■ **Records to use**

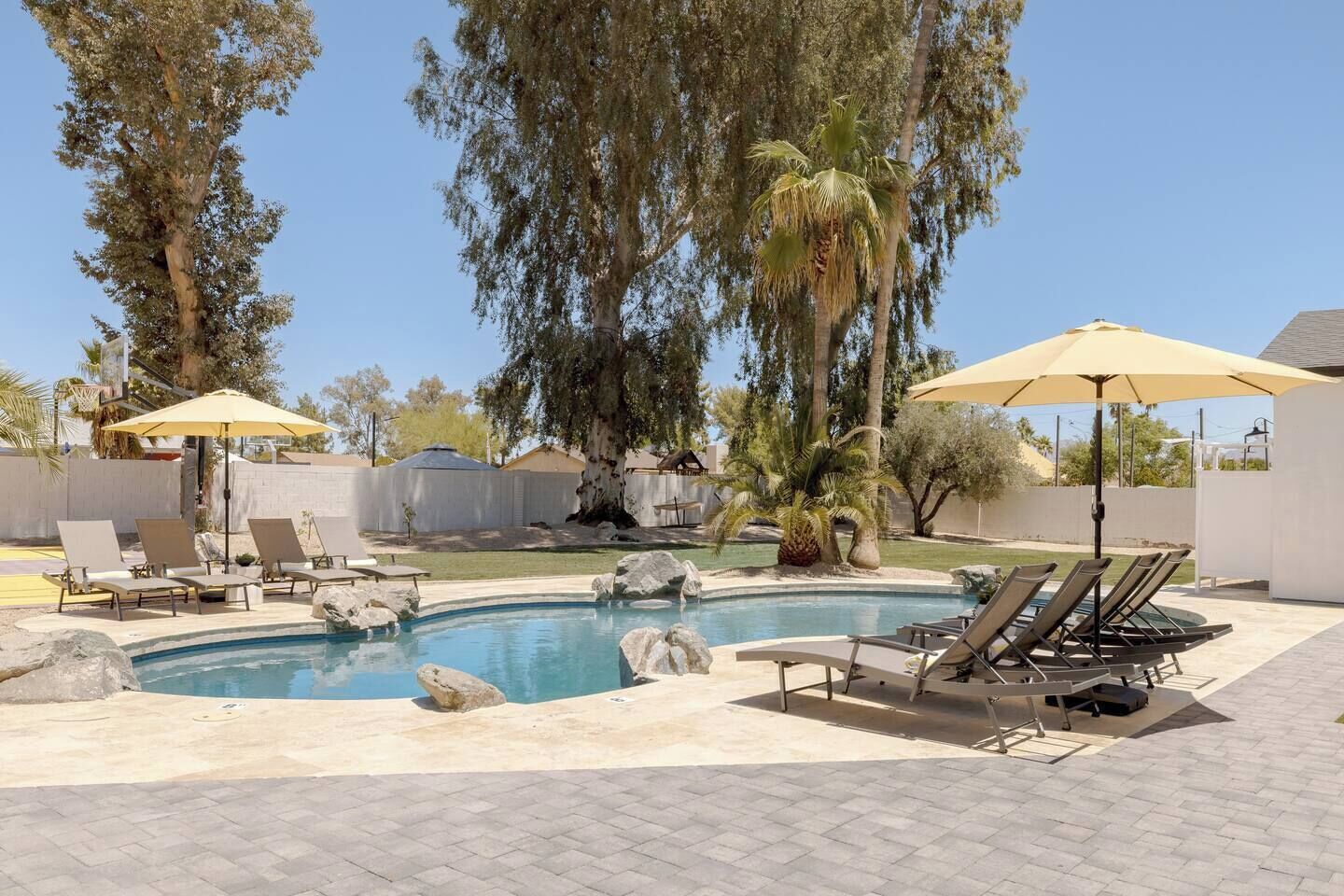 Une piscine entourée d’arbres et d’une clôture blanche, avec des chaises longues et des parasols à proximité.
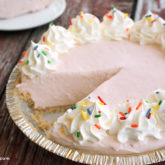 A freshly made no-bake lemonade pie with a slice cut out.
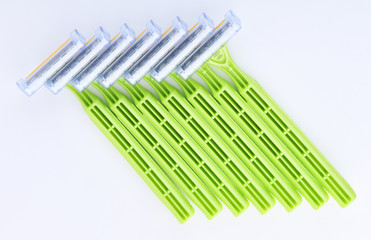 Disposable green plastic razor on a white background.Safe shaving with a sharp razor of female skin. Hair removal from the legs and face. Body care and beauty of a woman.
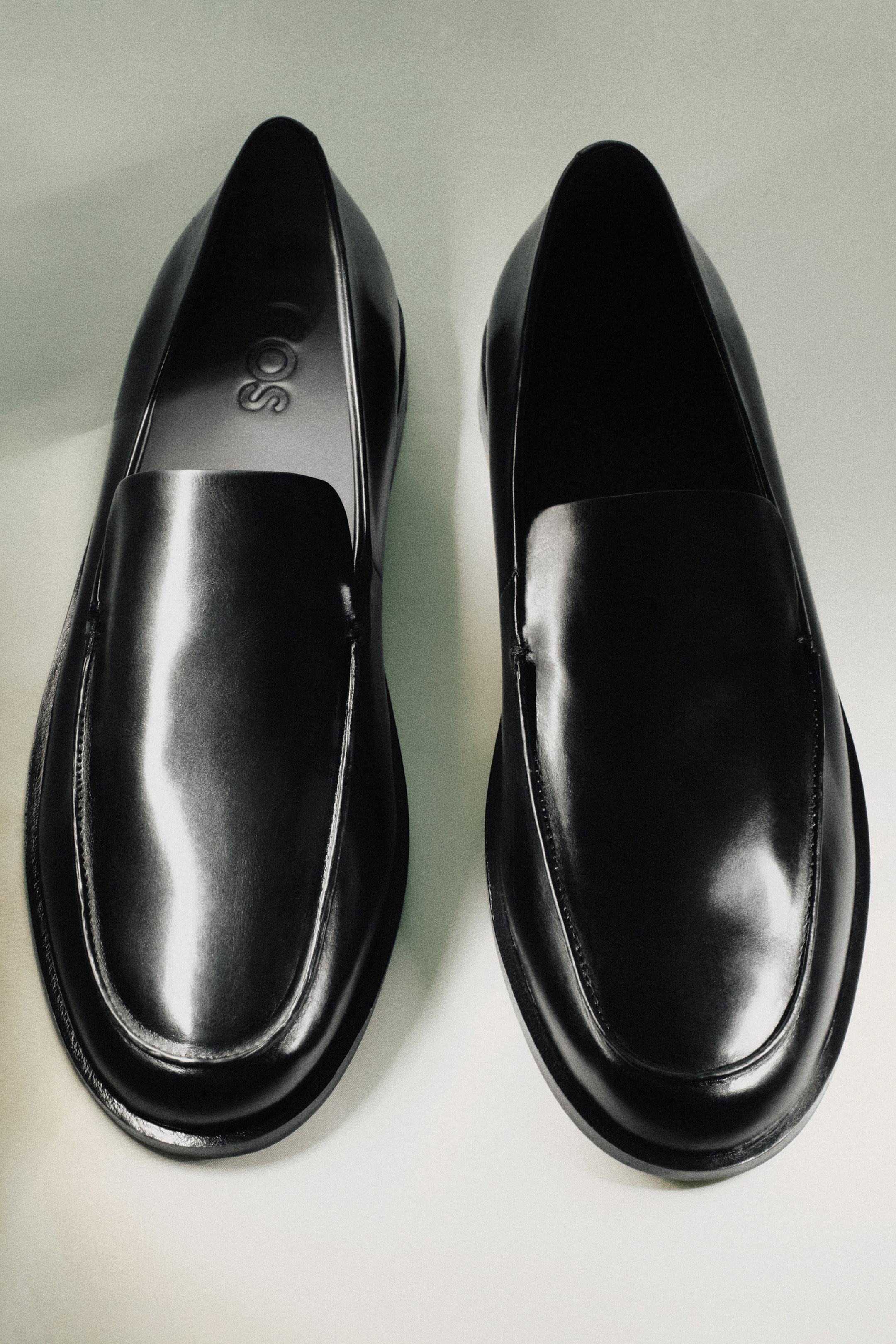 Visa större bild: Två svarta polerade läderloafers visas sida vid sida från en framifrån-ovanför vinkel, med rundade tår, synliga sömmar på tåns apron och "COS"-logotypen synlig på innersulan av den vänstra skon.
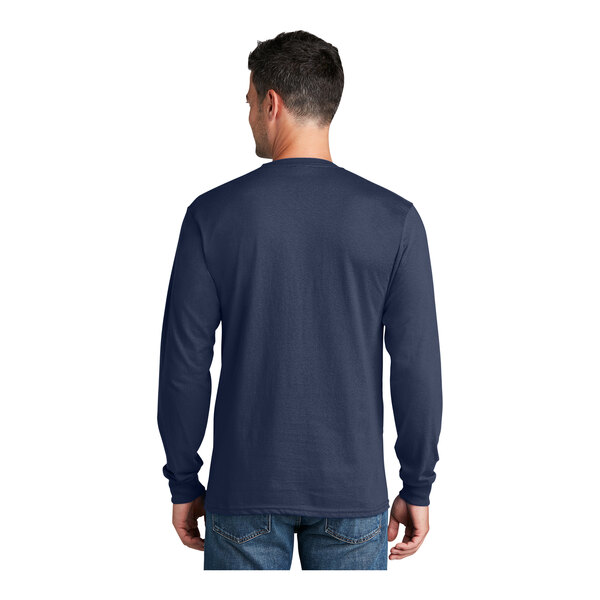 A man wearing a Port & Company navy blue long sleeve t-shirt.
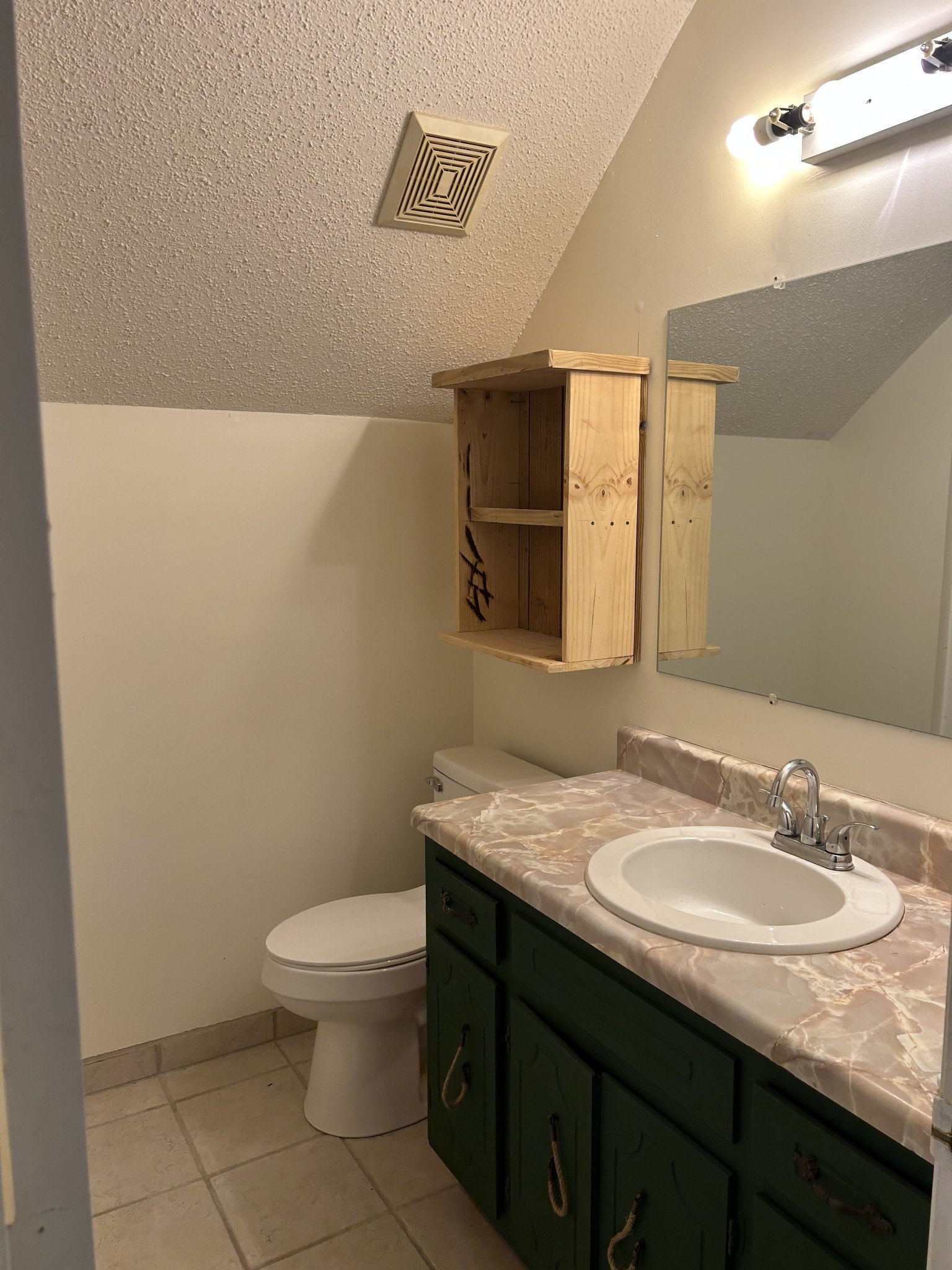 2319 7 Mile Ferry Road Clarksville, TN 37040 - Photo 11 of 15 a bathroom with a granite countertop sink a toilet and a mirror
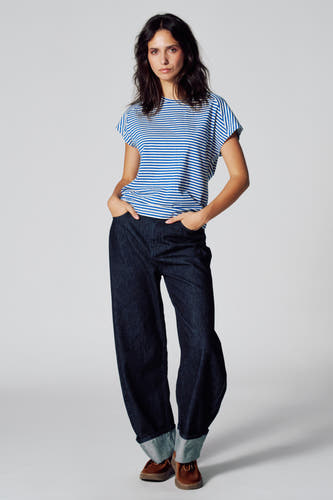 T-shirt rayé bleu de manches courtes de Le Fabuleux Marcel de Bruxelles, associé à des jeans larges et des chaussures marrons.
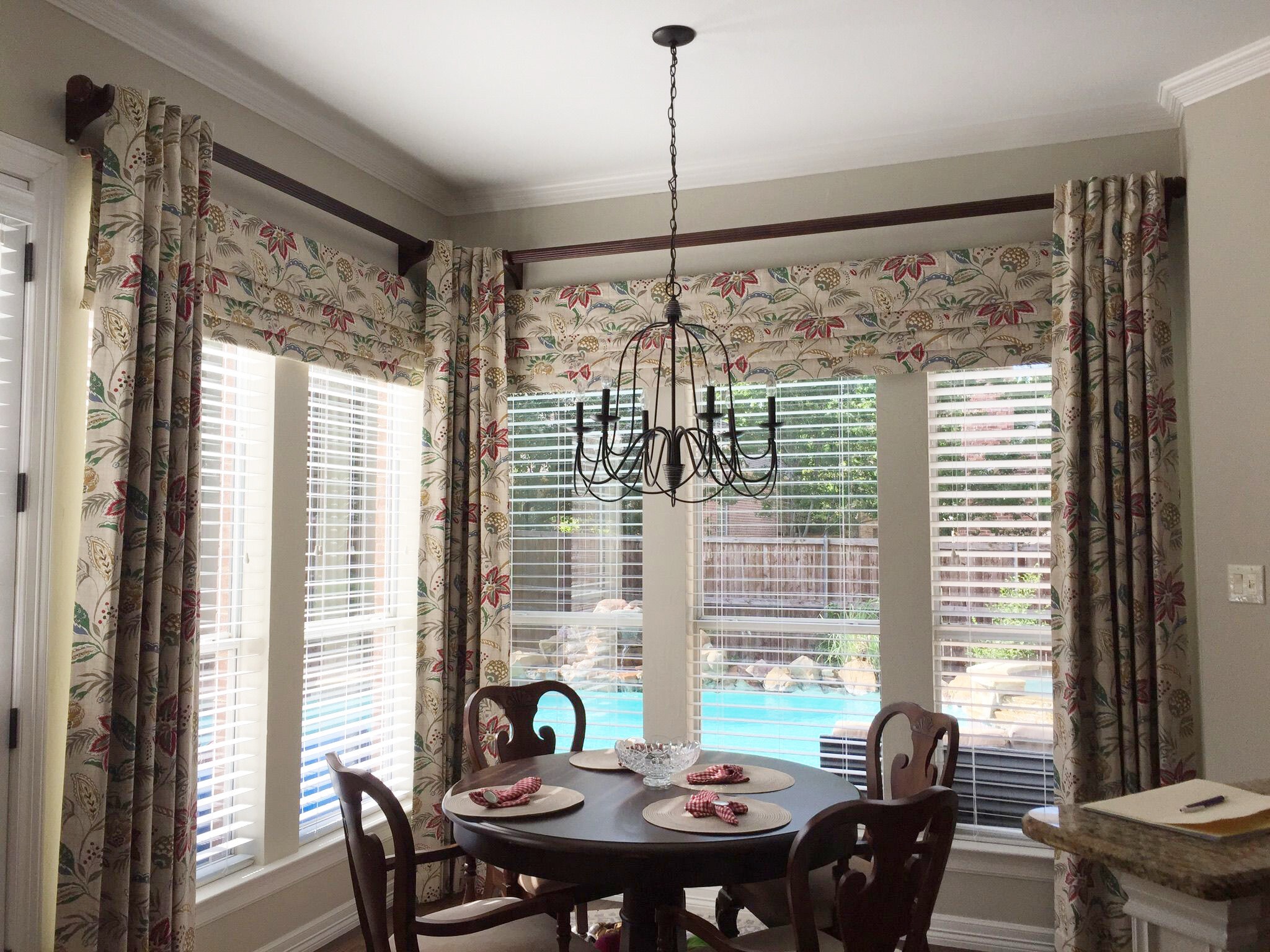 Modern dining area with wood blinds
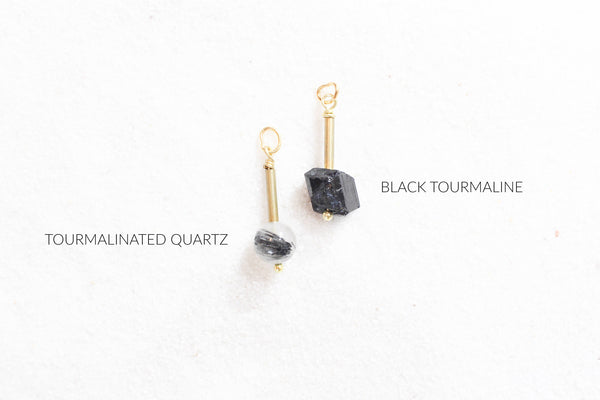 tourmalinated quartz and black tourmaline pendants with gold brass detail laying on white sand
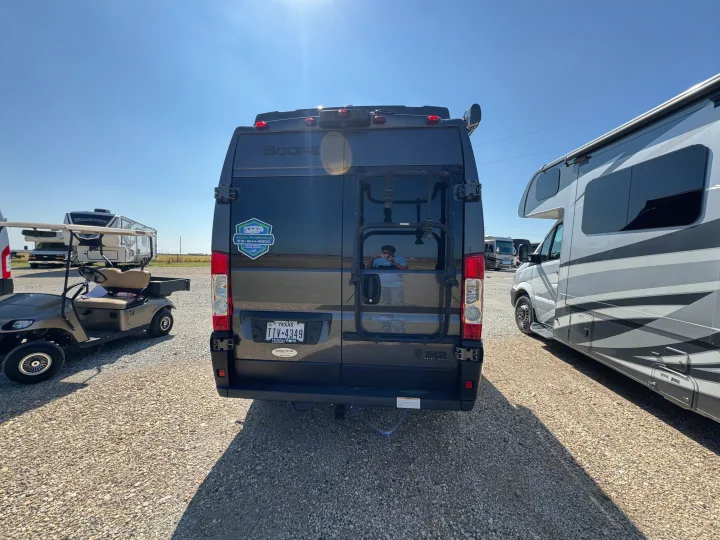 A black Thor Scope RV rental camper van is parked in a sunny gravel lot, surrounded by other RVs and a golf cart.. Thor Scope 2023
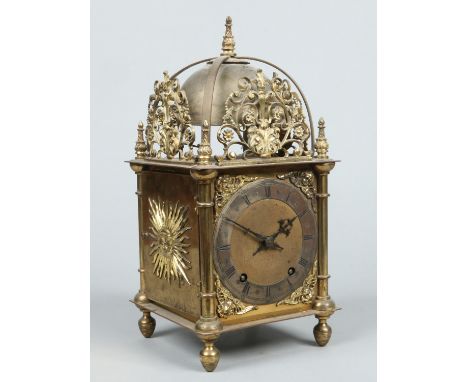 A 17th century style brass lantern clock by Winterhalder & Hofmeier. With putti spandrels and sunburst motifs to the sides, H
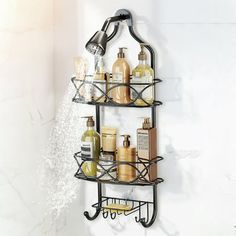 a bathroom shelf with soap, shampoo and lotion bottles on it next to a shower head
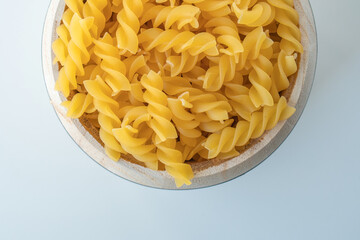 Raw dry uncooked Fusilli pasta spaghetti noodle on white background Good for basil tomato pesto sauce Homemade fresh Italian food organic whole wheat vegan spaghetti noodle for a healthy meal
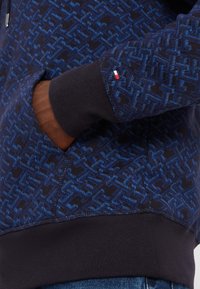 Felpa blu navy con un intricato motivo blu, dotata di tasca a marsupio, polsini a coste e un piccolo logo rosso, bianco e blu sulla manica.
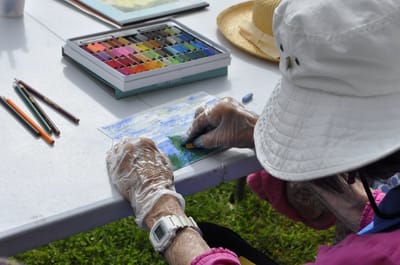Senior woman painting outside with pastels.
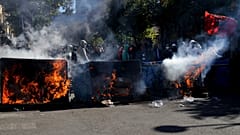 Protesters stand behind burning garbage cans during an anti-government demonstration outside the Education Ministry, in Tirana, Albania, Saturday, Oct. 17, 2026.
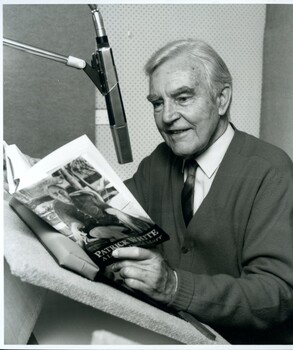 Narrator James Condon in audio studio with a book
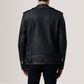 Black leather jacket worn by a person on a plain background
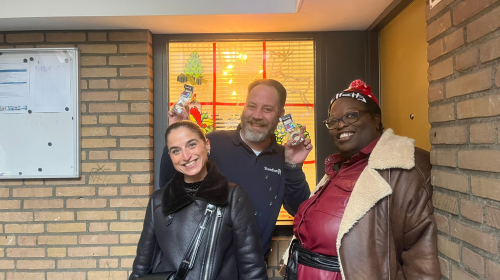 Medewerkers van Staedion delen kerstkransjes uit aan bewoner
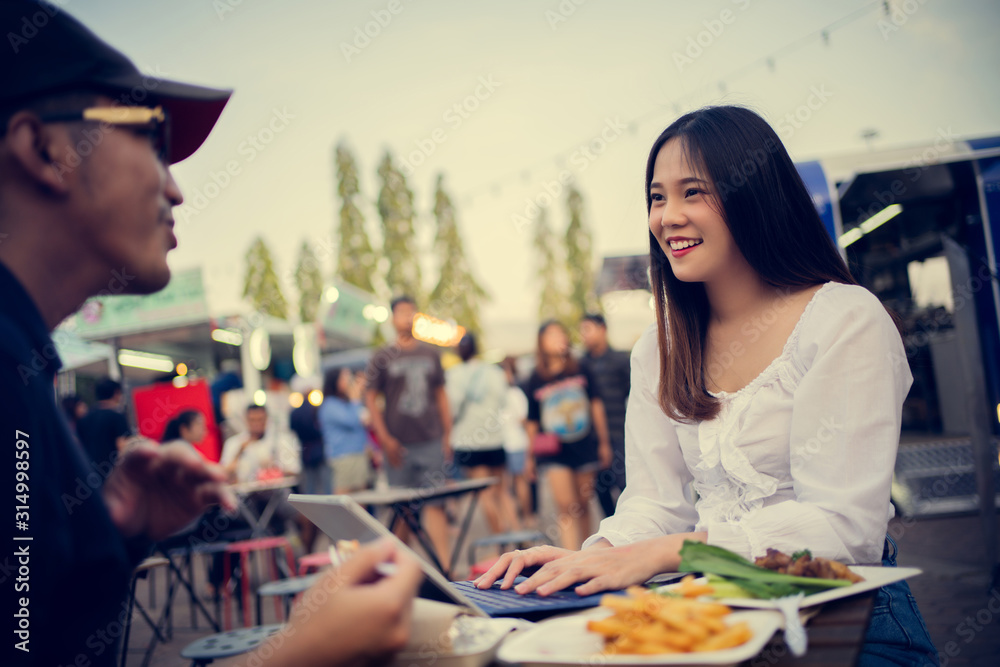 亚洲女人在吃街头食品，她在公司工作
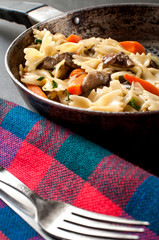 close up photo of a fresh cooked pasta with mushrooms and vegetables in a pan ahead of vintage silver cutlery, vertical image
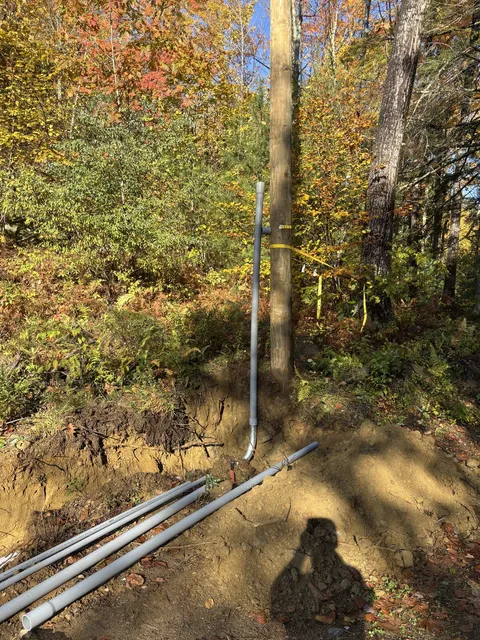 Service riser conduit run up the utility pole with sweeps heading into the trench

■ **Task requirements**
What you return must match the records letter for letter, except that the pictures stay out.

■ **Output of the task**
 Une piscine entourée d’arbres et d’une clôture blanche, avec des chaises longues et des parasols à proximité.
 A freshly made no-bake lemonade pie with a slice cut out.
 Disposable green plastic razor on a white background.Safe shaving with a sharp razor of female skin. Hair removal from the legs and face. Body care and beauty of a woman.
 Visa större bild: Två svarta polerade läderloafers visas sida vid sida från en framifrån-ovanför vinkel, med rundade tår, synliga sömmar på tåns apron och "COS"-logotypen synlig på innersulan av den vänstra skon.
 A man wearing a Port & Company navy blue long sleeve t-shirt.
 2319 7 Mile Ferry Road Clarksville, TN 37040 - Photo 11 of 15 a bathroom with a granite countertop sink a toilet and a mirror
 T-shirt rayé bleu de manches courtes de Le Fabuleux Marcel de Bruxelles, associé à des jeans larges et des chaussures marrons.
 Modern dining area with wood blinds
 tourmalinated quartz and black tourmaline pendants with gold brass detail laying on white sand
 A black Thor Scope RV rental camper van is parked in a sunny gravel lot, surrounded by other RVs and a golf cart.. Thor Scope 2023
 A 17th century style brass lantern clock by Winterhalder & Hofmeier. With putti spandrels and sunburst motifs to the sides, H
 a bathroom shelf with soap, shampoo and lotion bottles on it next to a shower head
 Raw dry uncooked Fusilli pasta spaghetti noodle on white background Good for basil tomato pesto sauce Homemade fresh Italian food organic whole wheat vegan spaghetti noodle for a healthy meal
 Felpa blu navy con un intricato motivo blu, dotata di tasca a marsupio, polsini a coste e un piccolo logo rosso, bianco e blu sulla manica.
Senior woman painting outside with pastels.
 Protesters stand behind burning garbage cans during an anti-government demonstration outside the Education Ministry, in Tirana, Albania, Saturday, Oct. 17, 2026.
 Narrator James Condon in audio studio with a book
 Black leather jacket worn by a person on a plain background
 Medewerkers van Staedion delen kerstkransjes uit aan bewoner
 亚洲女人在吃街头食品，她在公司工作
 close up photo of a fresh cooked pasta with mushrooms and vegetables in a pan ahead of vintage silver cutlery, vertical image
 Service riser conduit run up the utility pole with sweeps heading into the trench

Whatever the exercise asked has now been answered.